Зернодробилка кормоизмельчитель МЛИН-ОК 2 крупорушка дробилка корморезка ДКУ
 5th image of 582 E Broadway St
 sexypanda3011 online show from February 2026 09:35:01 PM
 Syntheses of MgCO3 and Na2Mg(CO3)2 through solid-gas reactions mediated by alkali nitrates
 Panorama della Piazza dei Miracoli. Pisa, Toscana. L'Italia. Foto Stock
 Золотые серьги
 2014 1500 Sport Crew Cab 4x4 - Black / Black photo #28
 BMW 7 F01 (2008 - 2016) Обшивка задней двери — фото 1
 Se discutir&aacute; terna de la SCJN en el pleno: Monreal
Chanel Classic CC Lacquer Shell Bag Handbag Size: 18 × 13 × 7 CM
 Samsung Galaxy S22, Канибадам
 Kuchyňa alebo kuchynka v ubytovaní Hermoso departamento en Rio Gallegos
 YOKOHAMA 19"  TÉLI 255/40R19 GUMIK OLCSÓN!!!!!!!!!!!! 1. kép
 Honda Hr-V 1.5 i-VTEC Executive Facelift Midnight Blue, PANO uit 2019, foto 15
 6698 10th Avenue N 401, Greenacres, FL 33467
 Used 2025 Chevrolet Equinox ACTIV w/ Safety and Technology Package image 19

▶ [ABOUT THIS TASK]: The complete listing, from first line to last, should be copied verbatim.

▶ [EXERCISE RESULT]:
Зернодробилка кормоизмельчитель МЛИН-ОК 2 крупорушка дробилка корморезка ДКУ
 5th image of 582 E Broadway St
 sexypanda3011 online show from February 2026 09:35:01 PM
 Syntheses of MgCO3 and Na2Mg(CO3)2 through solid-gas reactions mediated by alkali nitrates
 Panorama della Piazza dei Miracoli. Pisa, Toscana. L'Italia. Foto Stock
 Золотые серьги
 2014 1500 Sport Crew Cab 4x4 - Black / Black photo #28
 BMW 7 F01 (2008 - 2016) Обшивка задней двери — фото 1
 Se discutir&aacute; terna de la SCJN en el pleno: Monreal
Chanel Classic CC Lacquer Shell Bag Handbag Size: 18 × 13 × 7 CM
 Samsung Galaxy S22, Канибадам
 Kuchyňa alebo kuchynka v ubytovaní Hermoso departamento en Rio Gallegos
 YOKOHAMA 19"  TÉLI 255/40R19 GUMIK OLCSÓN!!!!!!!!!!!! 1. kép
 Honda Hr-V 1.5 i-VTEC Executive Facelift Midnight Blue, PANO uit 2019, foto 15
 6698 10th Avenue N 401, Greenacres, FL 33467
 Used 2025 Chevrolet Equinox ACTIV w/ Safety and Technology Package image 19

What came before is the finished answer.